Recorded data.
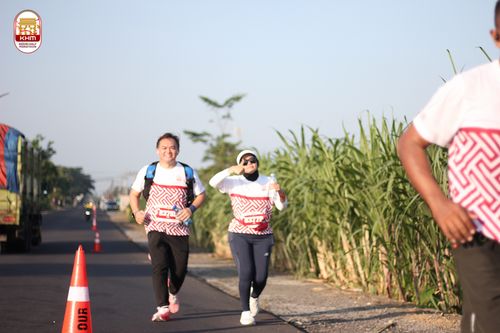 Race photo from Kediri Half Marathon 2024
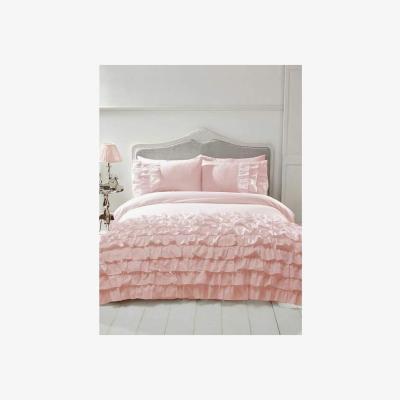 The Range Flamenco Ruffled Duvet Cover Set - Blush Pink / Single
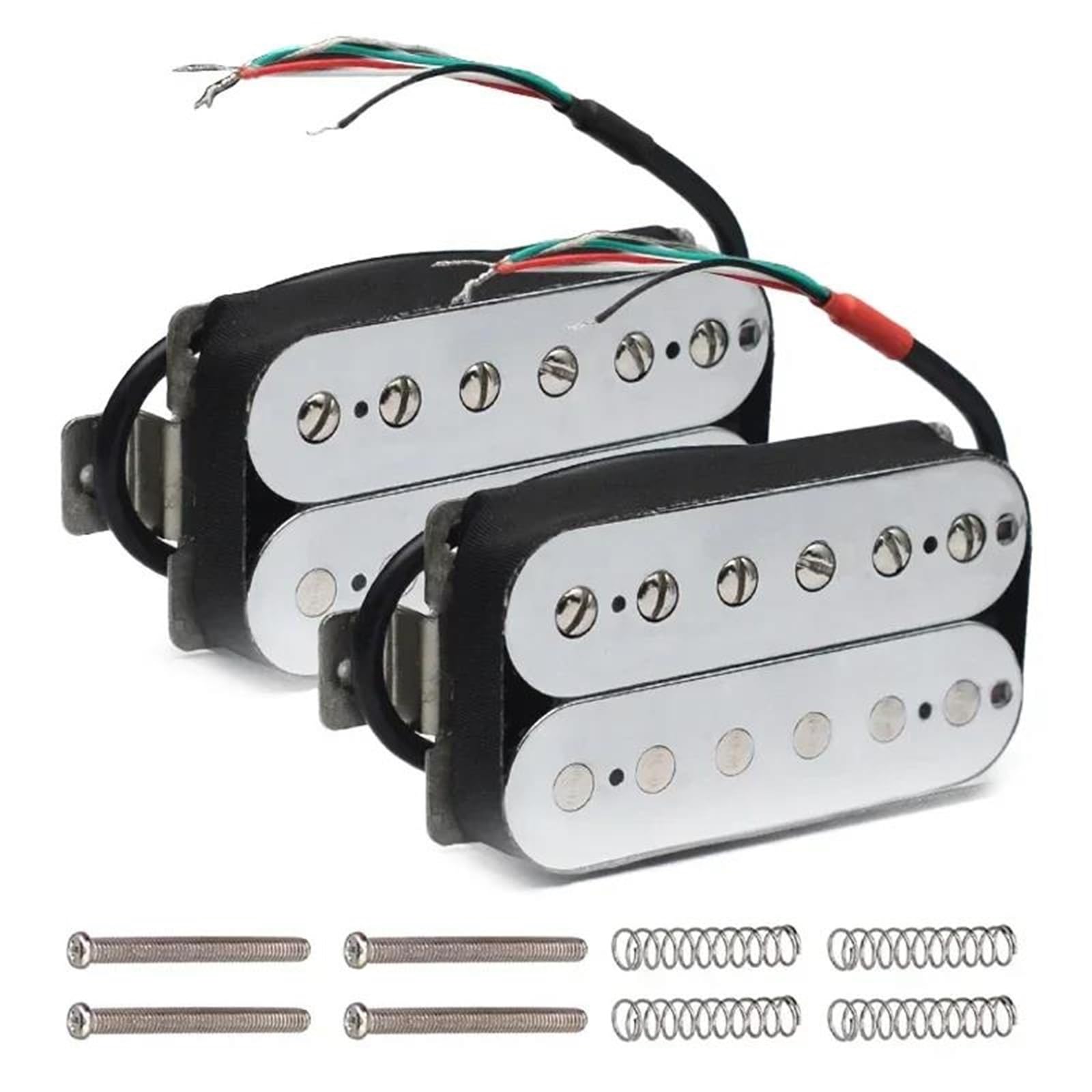 Elektrischer Pickup Alnico 5 E-Gitarre Humbucker Pickup 4-Core Coil Splitting Double Coil Pickup Alnico V Gitarrenteile Chrom(A)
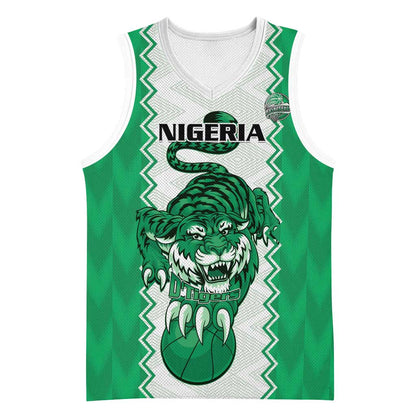 Afro Basketball Custom Nigeria Basketball Jersey Go Champions DTigers LT15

Requirement. Only the lines from the one that holds "The Range Flamenco" through the final line of the material should be reproduced, word for word, with the pictures omitted.

Result of this exercise.
 The Range Flamenco Ruffled Duvet Cover Set - Blush Pink / Single
 Elektrischer Pickup Alnico 5 E-Gitarre Humbucker Pickup 4-Core Coil Splitting Double Coil Pickup Alnico V Gitarrenteile Chrom(A)
 Afro Basketball Custom Nigeria Basketball Jersey Go Champions DTigers LT15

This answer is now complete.